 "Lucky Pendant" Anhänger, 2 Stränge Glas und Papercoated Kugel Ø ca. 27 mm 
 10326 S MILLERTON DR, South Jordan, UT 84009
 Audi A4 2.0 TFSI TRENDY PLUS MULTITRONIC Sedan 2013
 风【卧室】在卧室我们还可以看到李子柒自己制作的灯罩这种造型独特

* * *

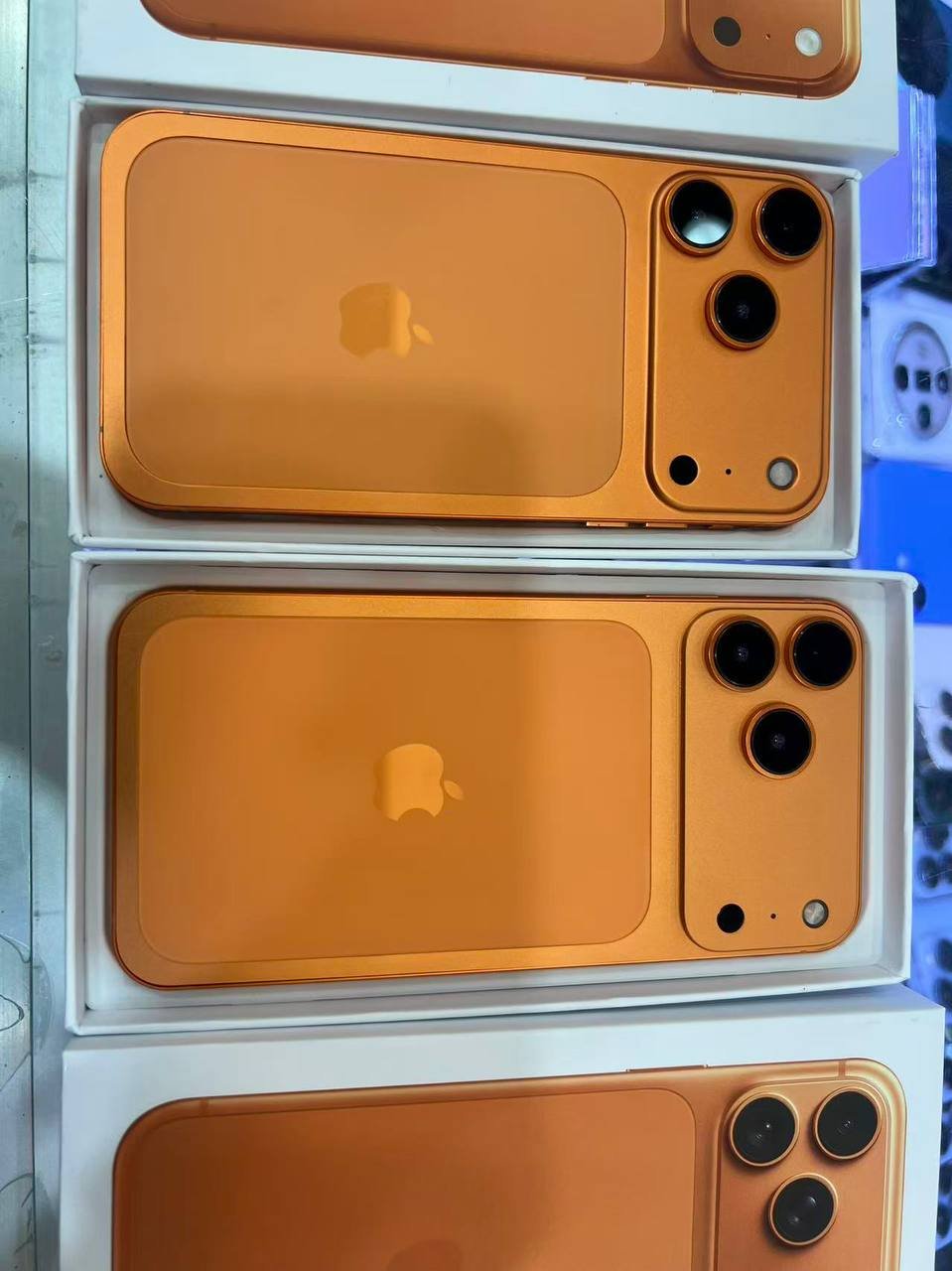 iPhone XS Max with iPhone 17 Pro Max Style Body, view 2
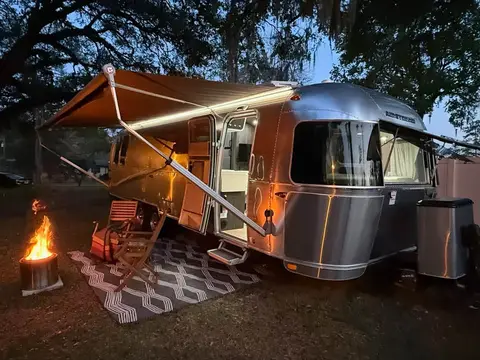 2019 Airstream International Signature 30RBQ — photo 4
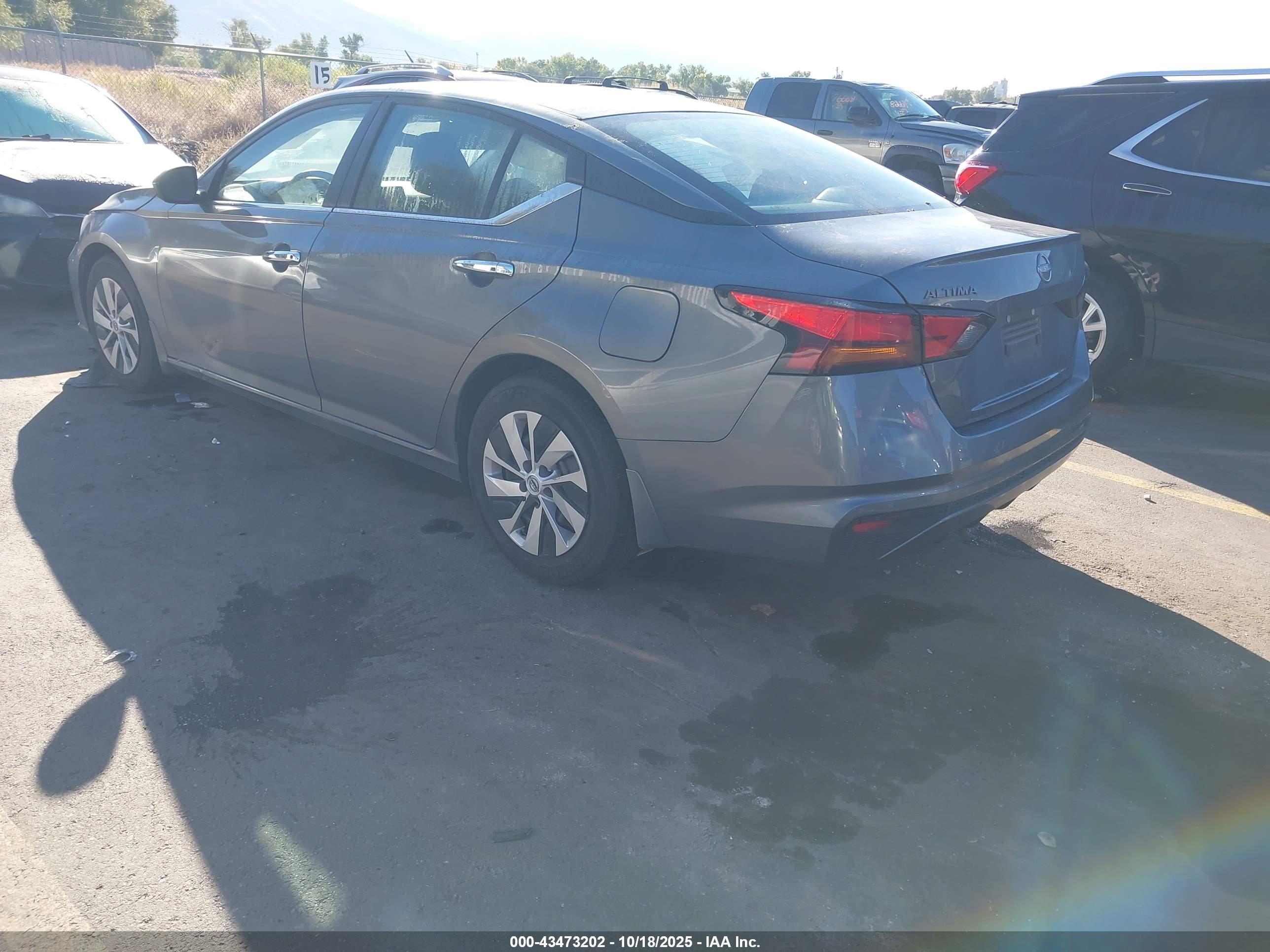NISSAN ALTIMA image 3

== WHAT THE EXERCISE ASKS ==
Copy out only the lines above from the one with "Ø ca. 27 mm" to the one with "风【卧室】在卧室我们还可以看到李子柒自己制作的灯罩这种造型独特", inclusive, exactly as they stand.

== ANSWER SECTION ==
 "Lucky Pendant" Anhänger, 2 Stränge Glas und Papercoated Kugel Ø ca. 27 mm 
 10326 S MILLERTON DR, South Jordan, UT 84009
 Audi A4 2.0 TFSI TRENDY PLUS MULTITRONIC Sedan 2013
 风【卧室】在卧室我们还可以看到李子柒自己制作的灯罩这种造型独特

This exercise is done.